If an accident does happen, particularly in the Arctic, authorities want to be sure oil companies will be capable of cleaning it up. As part of the approval process for its U.S. Arctic drilling program, Shell was required to deploy a containment dome that could be used to collect hydrocarbons in the event of a blowout like the one BP suffered at its Macondo well in the Gulf of Mexico. A hose connected to the dome would deliver the oil and gas to a surface vessel where it could be collected or flared off. But things didn’t go smoothly. Shell faced difficulties getting its oil-spill-response ship certified, and a test of the dome in Puget Sound in September was plagued with problems, including a remotely controlled submersible that became tangled in rigging and a malfunction that caused the dome to submerge so fast it crumpled like a beer can.

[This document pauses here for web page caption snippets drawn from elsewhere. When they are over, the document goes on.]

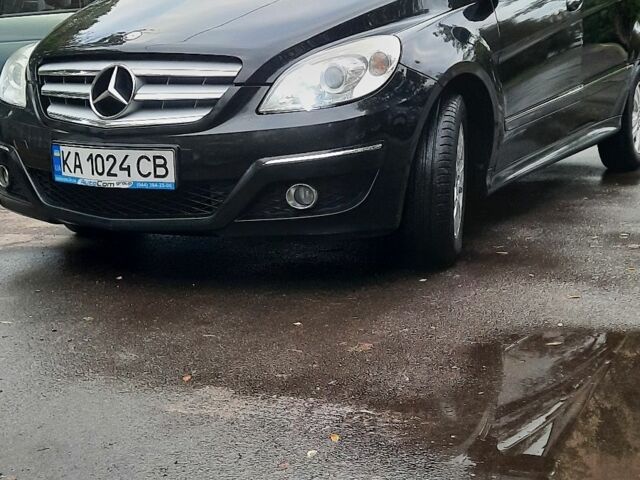 Чорний Мерседес Б-клас, об'ємом двигуна 1.5 л та пробігом 235 тис. км за 7500 $, фото 2 на Automoto.ua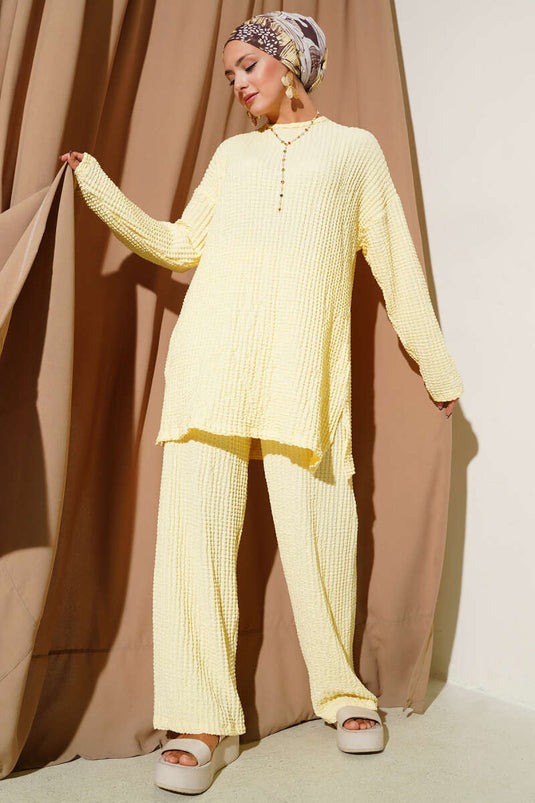 Costume deux pièces en seersucker à col ras du cou jaune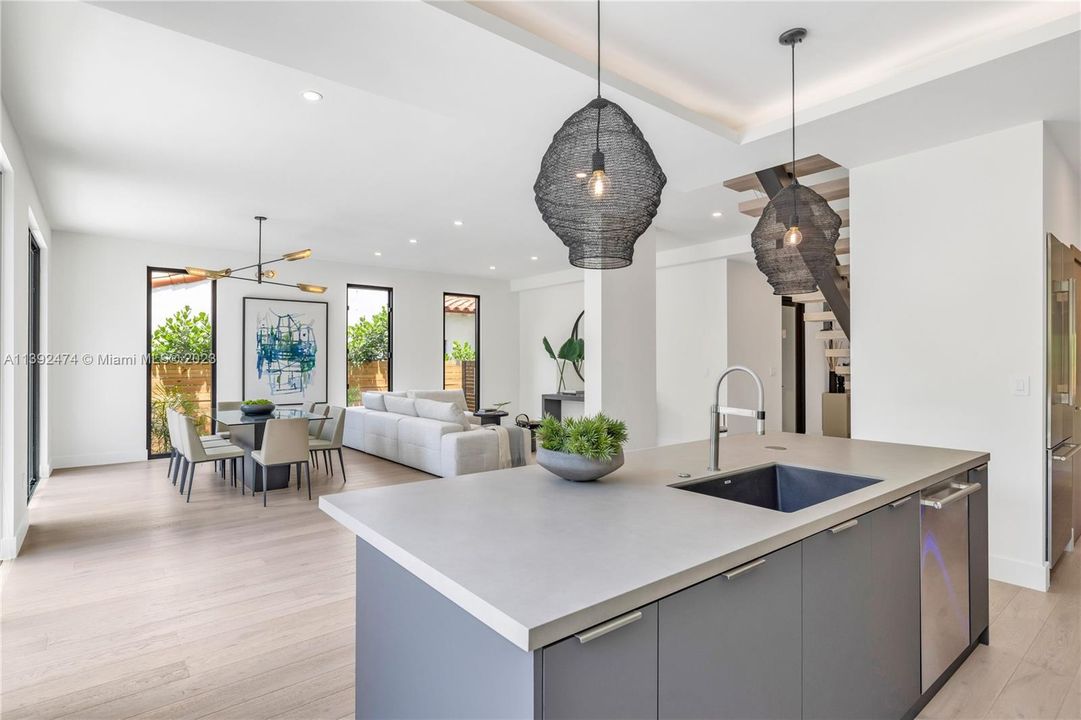Recently Sold: $2,750,000 (4 beds, 3 baths, 2760 Square Feet)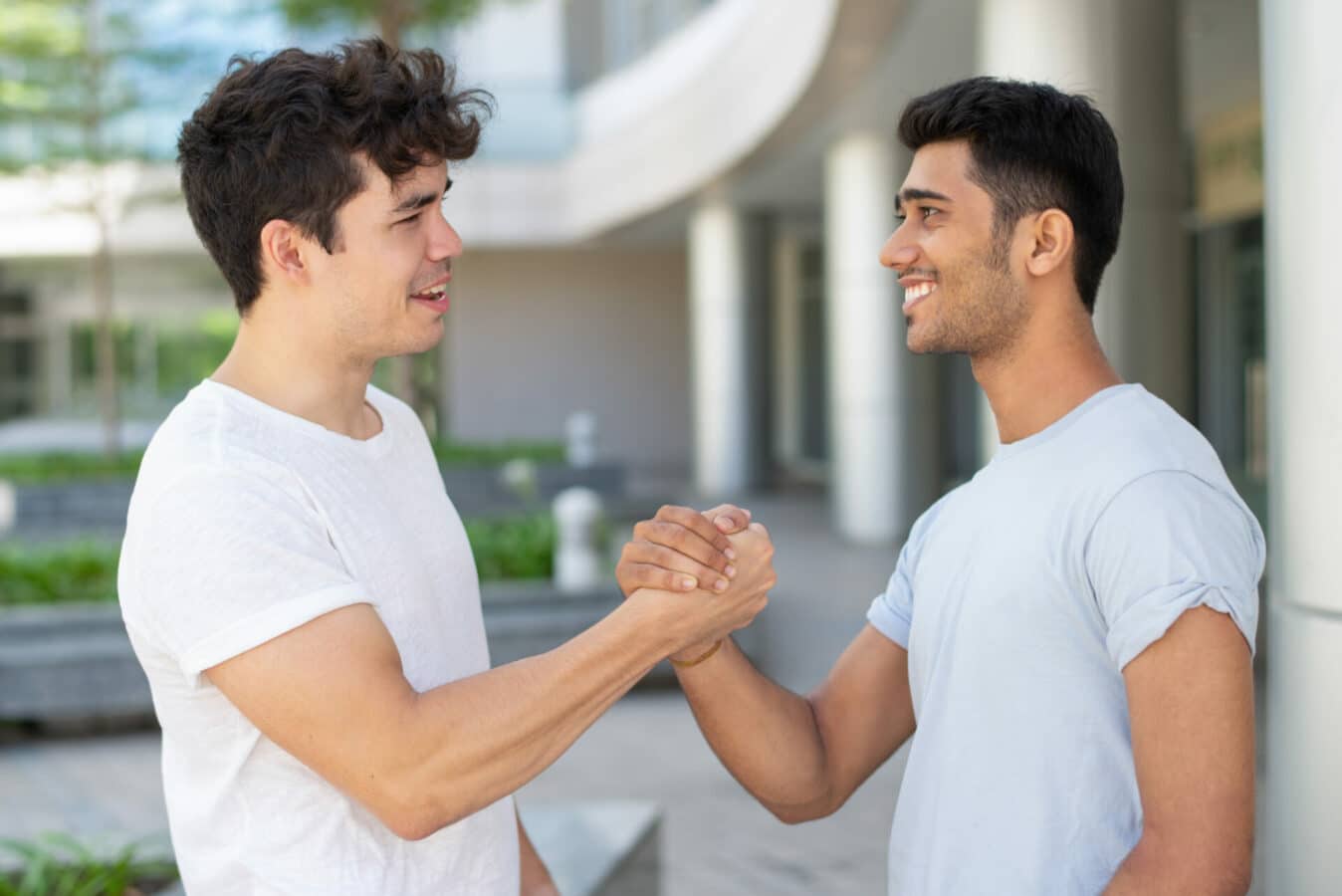 2 men in the world. Парни здороваются. Пацаны здороваются. Мужское Приветствие. Рукопожатие между мужчинами.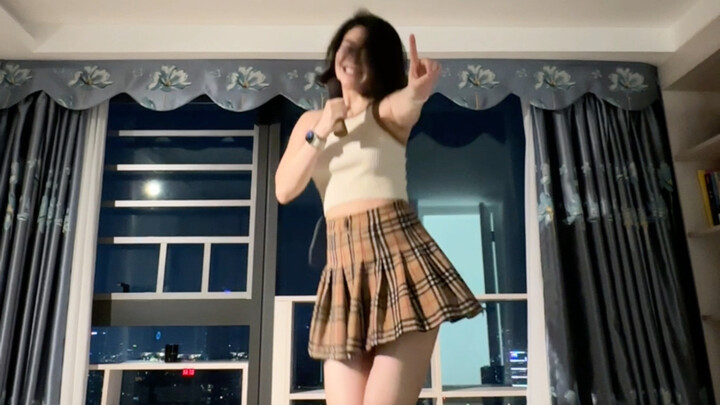 期末不想学习，只想学张元英转圈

Despite the setbacks, Shell remains upbeat about its Arctic prospects even as one of its rivals, ConocoPhillips, recently suspended its own Arctic program, citing uncertainty over federal regulations. “I think we took some important steps in 2012,” Williams says. “We got our program under way and we completed the drilling part of the exploration safely after looking at it for many years.” It remains to be seen, however, whether those early steps can be followed up with working subsea wells and a safe, reliable system to process and transport the oil and gas they produce—either above the waves or below.